**What this task involves:** Please repeat the lines below exactly. Begin with the line containing "Tyczyn, Kościuszki Tadeusza, gen., 17b, mapa" and go on through the line containing "Orlando Oak 30".

**Data to use:**
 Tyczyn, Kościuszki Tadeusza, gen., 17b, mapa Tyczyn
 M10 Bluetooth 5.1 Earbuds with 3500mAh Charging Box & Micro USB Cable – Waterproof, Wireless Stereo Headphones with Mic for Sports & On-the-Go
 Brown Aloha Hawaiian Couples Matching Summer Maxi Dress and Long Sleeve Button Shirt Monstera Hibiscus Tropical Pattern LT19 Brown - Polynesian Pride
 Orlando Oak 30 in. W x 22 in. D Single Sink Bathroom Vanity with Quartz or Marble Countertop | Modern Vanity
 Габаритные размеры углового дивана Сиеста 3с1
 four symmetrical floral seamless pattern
...
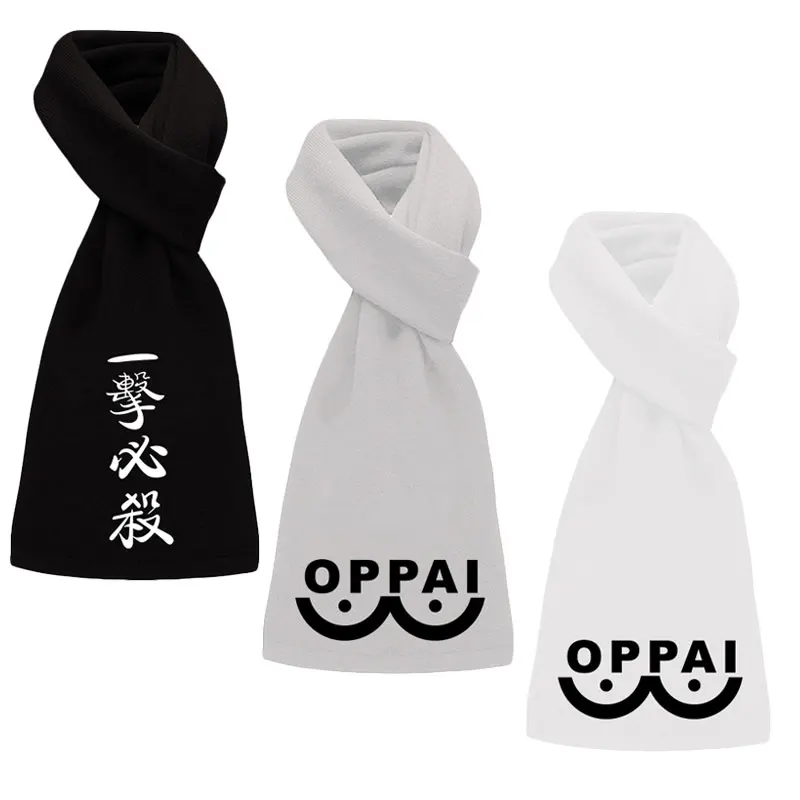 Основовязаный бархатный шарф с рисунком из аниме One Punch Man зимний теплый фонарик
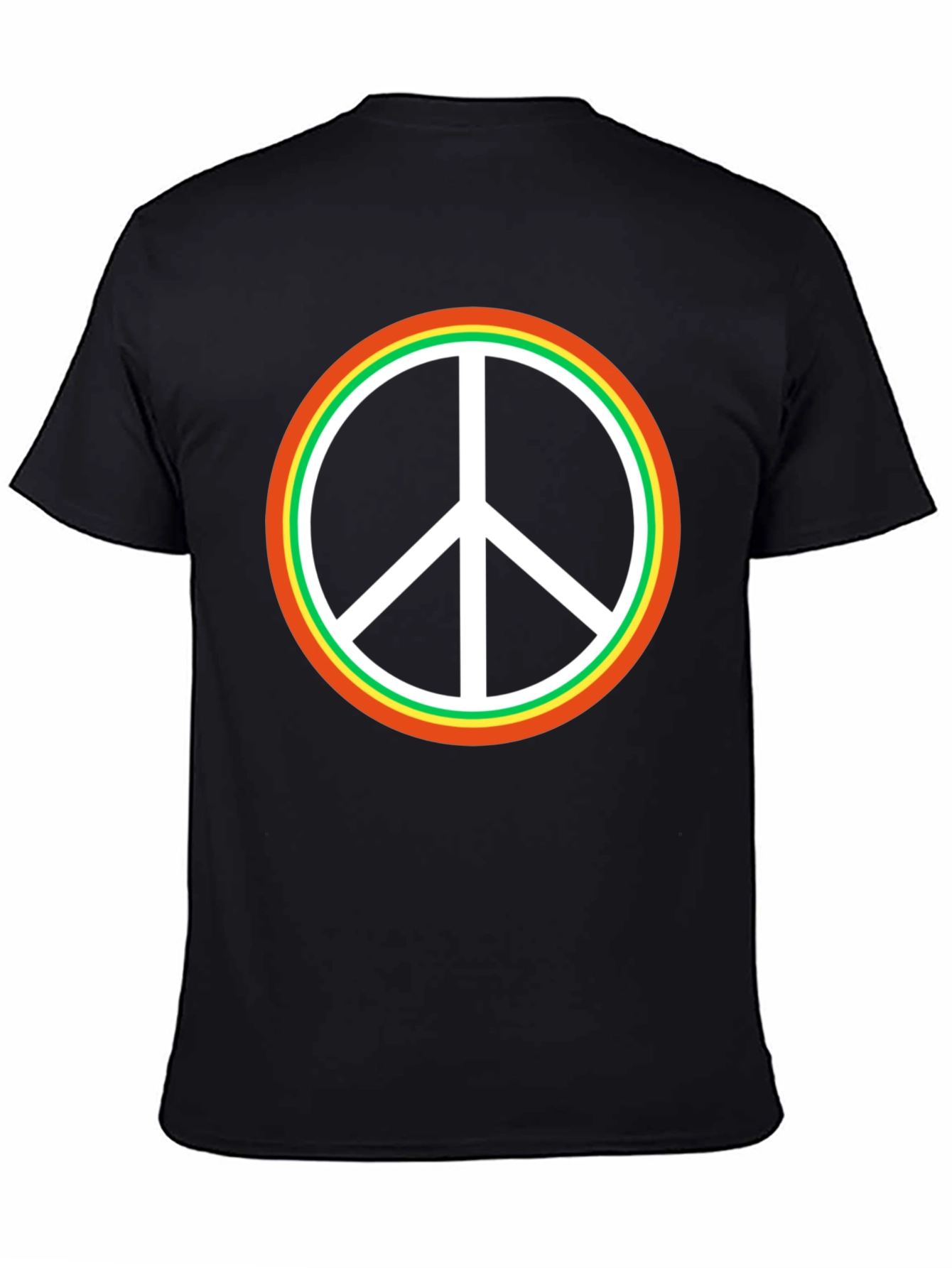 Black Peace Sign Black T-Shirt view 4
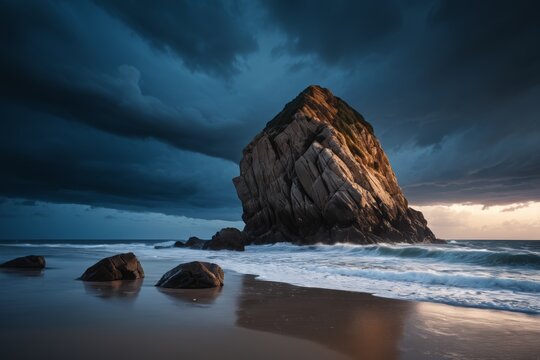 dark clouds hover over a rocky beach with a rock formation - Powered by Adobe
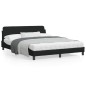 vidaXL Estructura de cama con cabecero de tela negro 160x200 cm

**Written response:**
 Tyczyn, Kościuszki Tadeusza, gen., 17b, mapa Tyczyn
 M10 Bluetooth 5.1 Earbuds with 3500mAh Charging Box & Micro USB Cable – Waterproof, Wireless Stereo Headphones with Mic for Sports & On-the-Go
 Brown Aloha Hawaiian Couples Matching Summer Maxi Dress and Long Sleeve Button Shirt Monstera Hibiscus Tropical Pattern LT19 Brown - Polynesian Pride
 Orlando Oak 30 in. W x 22 in. D Single Sink Bathroom Vanity with Quartz or Marble Countertop | Modern Vanity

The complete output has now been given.